Besides, there were random questions and comments at informal gatherings. One: Did I speak Arabic like my Saudi companion whom I met in Canada, and with whom I happen to be in the same graduate program? After all, we are both from the Middle East! No, not everyone from the region you call the Middle East speaks Arabic. Two: Did I wear sleeveless tops in Türkiye? Yes and no. Certainly yes in Istanbul, where I lived eighteen years. And yes in Ankara, the city I found difficult to call home though I made certain neighbourhoods mine over the period of six years I was there. No, not when I was visiting my parents in my rural birthplace once or twice a year. I covered my shoulders and legs in the village because my parents would not appreciate it if their neighbours gossiped about their eldest daughter, and I wanted to make them proud by looking modest.
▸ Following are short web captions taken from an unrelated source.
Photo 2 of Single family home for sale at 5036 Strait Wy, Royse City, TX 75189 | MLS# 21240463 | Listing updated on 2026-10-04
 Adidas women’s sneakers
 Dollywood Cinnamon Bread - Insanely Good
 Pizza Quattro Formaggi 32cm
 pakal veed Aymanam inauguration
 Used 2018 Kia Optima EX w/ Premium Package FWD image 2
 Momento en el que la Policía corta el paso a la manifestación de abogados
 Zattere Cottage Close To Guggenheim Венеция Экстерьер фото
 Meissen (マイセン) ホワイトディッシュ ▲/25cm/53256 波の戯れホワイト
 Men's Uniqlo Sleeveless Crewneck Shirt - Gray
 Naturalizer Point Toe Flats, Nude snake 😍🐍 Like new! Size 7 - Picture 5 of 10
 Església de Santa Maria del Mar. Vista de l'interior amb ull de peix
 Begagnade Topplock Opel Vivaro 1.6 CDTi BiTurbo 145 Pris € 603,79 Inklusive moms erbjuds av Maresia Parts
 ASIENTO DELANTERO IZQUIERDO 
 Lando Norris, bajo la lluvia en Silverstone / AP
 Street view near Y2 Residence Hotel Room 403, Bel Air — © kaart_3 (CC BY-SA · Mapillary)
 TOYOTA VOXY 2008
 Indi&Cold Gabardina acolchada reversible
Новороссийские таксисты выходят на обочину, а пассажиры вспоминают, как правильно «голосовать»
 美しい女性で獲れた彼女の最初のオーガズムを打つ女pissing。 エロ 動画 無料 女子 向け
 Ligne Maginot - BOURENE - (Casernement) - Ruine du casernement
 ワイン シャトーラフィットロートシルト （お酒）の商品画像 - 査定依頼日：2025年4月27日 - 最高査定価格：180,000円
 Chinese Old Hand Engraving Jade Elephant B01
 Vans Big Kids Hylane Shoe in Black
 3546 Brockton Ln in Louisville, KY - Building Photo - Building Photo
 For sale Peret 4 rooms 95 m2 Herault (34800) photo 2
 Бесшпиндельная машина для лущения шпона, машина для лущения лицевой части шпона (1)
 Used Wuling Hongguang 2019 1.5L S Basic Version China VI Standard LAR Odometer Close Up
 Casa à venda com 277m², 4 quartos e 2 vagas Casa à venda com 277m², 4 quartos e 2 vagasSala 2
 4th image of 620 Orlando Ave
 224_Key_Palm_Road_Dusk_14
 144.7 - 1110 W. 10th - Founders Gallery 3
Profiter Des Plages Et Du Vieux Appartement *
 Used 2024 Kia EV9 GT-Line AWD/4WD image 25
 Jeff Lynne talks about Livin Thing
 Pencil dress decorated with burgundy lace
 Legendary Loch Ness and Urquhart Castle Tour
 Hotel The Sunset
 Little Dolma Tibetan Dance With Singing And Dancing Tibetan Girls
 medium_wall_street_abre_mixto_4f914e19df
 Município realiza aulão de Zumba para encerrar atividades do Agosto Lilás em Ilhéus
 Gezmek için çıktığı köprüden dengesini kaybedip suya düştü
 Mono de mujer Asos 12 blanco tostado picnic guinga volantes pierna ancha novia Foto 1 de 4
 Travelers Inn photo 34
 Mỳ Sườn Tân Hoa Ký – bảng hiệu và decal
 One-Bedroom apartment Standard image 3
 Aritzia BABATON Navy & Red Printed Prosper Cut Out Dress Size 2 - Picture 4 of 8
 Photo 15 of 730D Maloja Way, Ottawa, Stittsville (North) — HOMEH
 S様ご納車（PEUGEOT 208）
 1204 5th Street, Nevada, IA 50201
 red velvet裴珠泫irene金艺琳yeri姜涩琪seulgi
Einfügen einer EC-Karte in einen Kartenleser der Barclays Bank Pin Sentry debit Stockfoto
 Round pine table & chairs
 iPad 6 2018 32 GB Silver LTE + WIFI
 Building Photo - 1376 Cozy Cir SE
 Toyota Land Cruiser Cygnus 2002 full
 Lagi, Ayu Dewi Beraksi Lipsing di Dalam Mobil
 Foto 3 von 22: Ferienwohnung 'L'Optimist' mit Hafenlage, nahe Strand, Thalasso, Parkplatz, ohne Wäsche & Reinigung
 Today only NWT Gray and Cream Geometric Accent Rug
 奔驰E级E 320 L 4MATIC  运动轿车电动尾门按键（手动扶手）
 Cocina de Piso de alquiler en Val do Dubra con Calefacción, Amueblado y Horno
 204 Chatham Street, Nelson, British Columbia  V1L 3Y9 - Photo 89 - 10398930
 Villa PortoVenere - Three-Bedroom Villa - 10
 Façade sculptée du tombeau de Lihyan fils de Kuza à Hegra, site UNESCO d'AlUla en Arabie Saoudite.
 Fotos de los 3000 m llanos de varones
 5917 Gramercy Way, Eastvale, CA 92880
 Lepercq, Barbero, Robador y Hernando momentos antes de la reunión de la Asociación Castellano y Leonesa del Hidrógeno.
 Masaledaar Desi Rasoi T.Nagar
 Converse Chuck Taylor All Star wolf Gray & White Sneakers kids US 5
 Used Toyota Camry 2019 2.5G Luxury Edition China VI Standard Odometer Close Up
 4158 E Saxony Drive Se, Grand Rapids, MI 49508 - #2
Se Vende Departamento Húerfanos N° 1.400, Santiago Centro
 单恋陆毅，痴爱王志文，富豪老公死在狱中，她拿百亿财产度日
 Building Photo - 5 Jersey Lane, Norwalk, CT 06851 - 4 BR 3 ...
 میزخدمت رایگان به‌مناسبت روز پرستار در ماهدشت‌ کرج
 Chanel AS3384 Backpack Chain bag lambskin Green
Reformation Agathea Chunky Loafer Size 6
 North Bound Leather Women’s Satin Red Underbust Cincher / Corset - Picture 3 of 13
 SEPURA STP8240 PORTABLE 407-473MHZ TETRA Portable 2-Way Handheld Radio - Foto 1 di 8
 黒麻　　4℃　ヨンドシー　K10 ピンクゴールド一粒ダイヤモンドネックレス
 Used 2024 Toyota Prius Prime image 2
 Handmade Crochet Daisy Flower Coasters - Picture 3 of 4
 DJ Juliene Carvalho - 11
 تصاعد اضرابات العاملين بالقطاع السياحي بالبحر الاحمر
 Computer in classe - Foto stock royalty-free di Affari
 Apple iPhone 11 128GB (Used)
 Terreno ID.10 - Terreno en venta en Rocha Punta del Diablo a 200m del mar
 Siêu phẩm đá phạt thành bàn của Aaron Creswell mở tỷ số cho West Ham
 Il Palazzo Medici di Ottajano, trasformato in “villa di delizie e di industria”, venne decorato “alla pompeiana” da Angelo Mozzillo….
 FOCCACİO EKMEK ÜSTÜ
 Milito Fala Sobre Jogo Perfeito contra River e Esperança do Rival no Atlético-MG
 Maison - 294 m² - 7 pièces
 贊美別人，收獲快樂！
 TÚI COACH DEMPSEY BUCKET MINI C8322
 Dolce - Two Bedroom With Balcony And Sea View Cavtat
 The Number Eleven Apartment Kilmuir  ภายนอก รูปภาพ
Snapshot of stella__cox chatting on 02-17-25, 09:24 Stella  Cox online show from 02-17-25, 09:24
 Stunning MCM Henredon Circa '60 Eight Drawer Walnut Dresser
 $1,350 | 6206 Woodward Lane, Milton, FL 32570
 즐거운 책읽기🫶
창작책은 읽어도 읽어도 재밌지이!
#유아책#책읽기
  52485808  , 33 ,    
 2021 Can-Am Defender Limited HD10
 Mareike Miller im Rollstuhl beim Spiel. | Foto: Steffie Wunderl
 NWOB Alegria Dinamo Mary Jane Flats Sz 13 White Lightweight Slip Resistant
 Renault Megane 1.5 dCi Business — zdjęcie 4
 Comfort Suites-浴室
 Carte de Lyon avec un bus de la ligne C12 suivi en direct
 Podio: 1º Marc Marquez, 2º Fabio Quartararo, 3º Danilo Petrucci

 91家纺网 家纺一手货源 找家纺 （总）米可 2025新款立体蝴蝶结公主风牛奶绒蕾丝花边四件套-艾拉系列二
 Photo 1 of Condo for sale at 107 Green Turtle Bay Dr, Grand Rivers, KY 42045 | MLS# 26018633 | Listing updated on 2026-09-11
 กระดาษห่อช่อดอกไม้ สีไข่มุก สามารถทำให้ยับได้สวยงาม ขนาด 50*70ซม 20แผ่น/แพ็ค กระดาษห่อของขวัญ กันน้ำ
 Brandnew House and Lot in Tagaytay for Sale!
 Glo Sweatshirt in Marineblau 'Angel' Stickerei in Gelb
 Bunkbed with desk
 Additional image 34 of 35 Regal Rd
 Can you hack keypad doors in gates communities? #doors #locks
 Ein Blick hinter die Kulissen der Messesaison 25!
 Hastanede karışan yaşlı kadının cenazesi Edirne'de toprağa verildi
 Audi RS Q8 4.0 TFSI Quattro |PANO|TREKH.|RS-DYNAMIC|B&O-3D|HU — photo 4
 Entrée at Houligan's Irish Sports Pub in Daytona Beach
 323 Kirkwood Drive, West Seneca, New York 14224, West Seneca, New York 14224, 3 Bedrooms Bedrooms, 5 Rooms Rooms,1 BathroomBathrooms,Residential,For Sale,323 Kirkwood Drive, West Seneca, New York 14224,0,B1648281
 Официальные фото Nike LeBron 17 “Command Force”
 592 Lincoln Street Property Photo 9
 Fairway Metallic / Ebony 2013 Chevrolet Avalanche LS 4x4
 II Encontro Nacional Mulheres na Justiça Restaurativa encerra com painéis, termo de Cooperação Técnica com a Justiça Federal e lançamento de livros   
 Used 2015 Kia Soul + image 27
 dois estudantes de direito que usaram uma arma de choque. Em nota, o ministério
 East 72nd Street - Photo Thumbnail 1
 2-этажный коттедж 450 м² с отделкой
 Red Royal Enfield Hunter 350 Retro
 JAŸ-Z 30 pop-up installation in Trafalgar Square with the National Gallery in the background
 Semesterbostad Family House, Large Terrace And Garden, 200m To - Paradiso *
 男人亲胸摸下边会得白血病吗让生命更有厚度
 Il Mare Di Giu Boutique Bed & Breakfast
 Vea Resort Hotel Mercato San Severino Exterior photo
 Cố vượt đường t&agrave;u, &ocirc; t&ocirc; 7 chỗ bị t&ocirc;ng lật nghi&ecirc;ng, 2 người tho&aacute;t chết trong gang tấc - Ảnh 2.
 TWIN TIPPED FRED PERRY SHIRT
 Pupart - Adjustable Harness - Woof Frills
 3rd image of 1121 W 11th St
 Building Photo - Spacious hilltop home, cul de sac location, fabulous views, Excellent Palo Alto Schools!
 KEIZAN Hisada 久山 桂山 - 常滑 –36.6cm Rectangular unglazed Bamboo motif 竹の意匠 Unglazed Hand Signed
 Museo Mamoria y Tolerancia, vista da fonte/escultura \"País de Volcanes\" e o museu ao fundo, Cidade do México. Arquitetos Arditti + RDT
My transformation from a peasant girl who left home at ten to an educated woman evolved to accommodate their wishes; in time, I softened my usual I-can-do-whatever-I-want-with-my-body attitude. Three: Was I not acknowledging that I was queer because I come from an ‘oppressive’ country, as one of my classmates insisted in my first year in Canada? No. I am not queer. Just because l sport very short hair and an androgynous dress sense doesn’t mean I prefer to date women. Let’s talk about the adjective ‘oppressive’ at another time.

“So where is home?” A taxi driver asked me one day, after I told him I was relatively new to Kingston. “Take a guess!” I responded, feeling less nervous about interacting with locals. Nova Scotia? No. Latin America? No. Spain? No. Let me clue you in. A country in the Middle East. Silence. … Then, I thought to myself: the Middle East is not wedded to a definite physical territory. It is a place of the heart where songs like “Masar” take me.

“Leaving to Come Back”

January 2021

Music is thought to help alleviate pain and boost performance during physical exercise and study. It is praised for its potential to reduce anxiety, too. I would add that it may deepen or ease feelings of loneliness and displacement. Also, the music someone likes speaks volumes about them. It reveals where they belong. 

Going through the “Kingston Blues”‘list I listened to during my first ‘Canadian’ year, I see a woman who has stronger ties to places that look and feel different from Kingston. The tunes seem to de-territorialise the actual places I have passed through in this limestone city. That’s what happens when a place is being claimed by a migrant. You leave a place and it comes back through songs.